### [Goal of the exercise]
Begin at the line that holds "Fantasy Dungeon&Gate03 Icon Set Pack" and copy each line exactly until the data below ends, including that last line but no pictures.

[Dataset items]
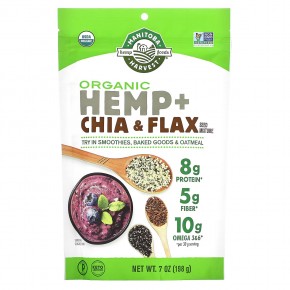 Manitoba Harvest, Organic Hemp + Chia & Flax Seed Mixture, 7 oz (198 g) в Москве - eco-herb.ru | фото
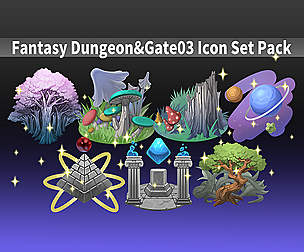 Fantasy Dungeon&Gate03 Icon Set Pack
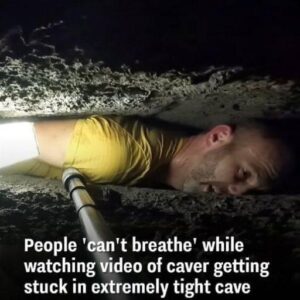 Viewers ‘Hold Their Breath’ Watching Caver Stuck In Tight Cave Squeeze Viewers ‘Hold Their Breath’ Watching Caver Stuck In Tight Cave Squeeze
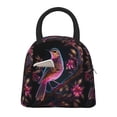 thumbnail image 1 of Fotbe Glowing Leaf Bird Pattern Lunch Bag, Insulated Lunch Box, Small Leakproof Cooler Food Lunch Containers Reusable High Capacity Lunch Tote Bags for Work, Travel, Outdoor, 1 of 1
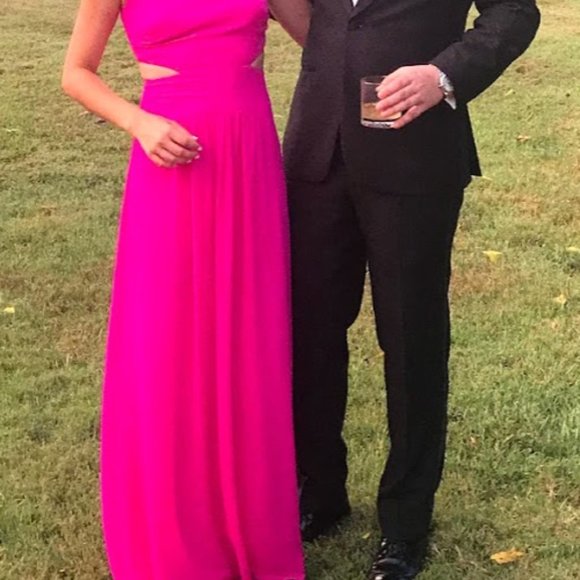 Queen of the Night Cutout Dress (Neon Pink!) - Picture 4 of 6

### [Task result]
 Fantasy Dungeon&Gate03 Icon Set Pack
 Viewers ‘Hold Their Breath’ Watching Caver Stuck In Tight Cave Squeeze Viewers ‘Hold Their Breath’ Watching Caver Stuck In Tight Cave Squeeze
 thumbnail image 1 of Fotbe Glowing Leaf Bird Pattern Lunch Bag, Insulated Lunch Box, Small Leakproof Cooler Food Lunch Containers Reusable High Capacity Lunch Tote Bags for Work, Travel, Outdoor, 1 of 1
 Queen of the Night Cutout Dress (Neon Pink!) - Picture 4 of 6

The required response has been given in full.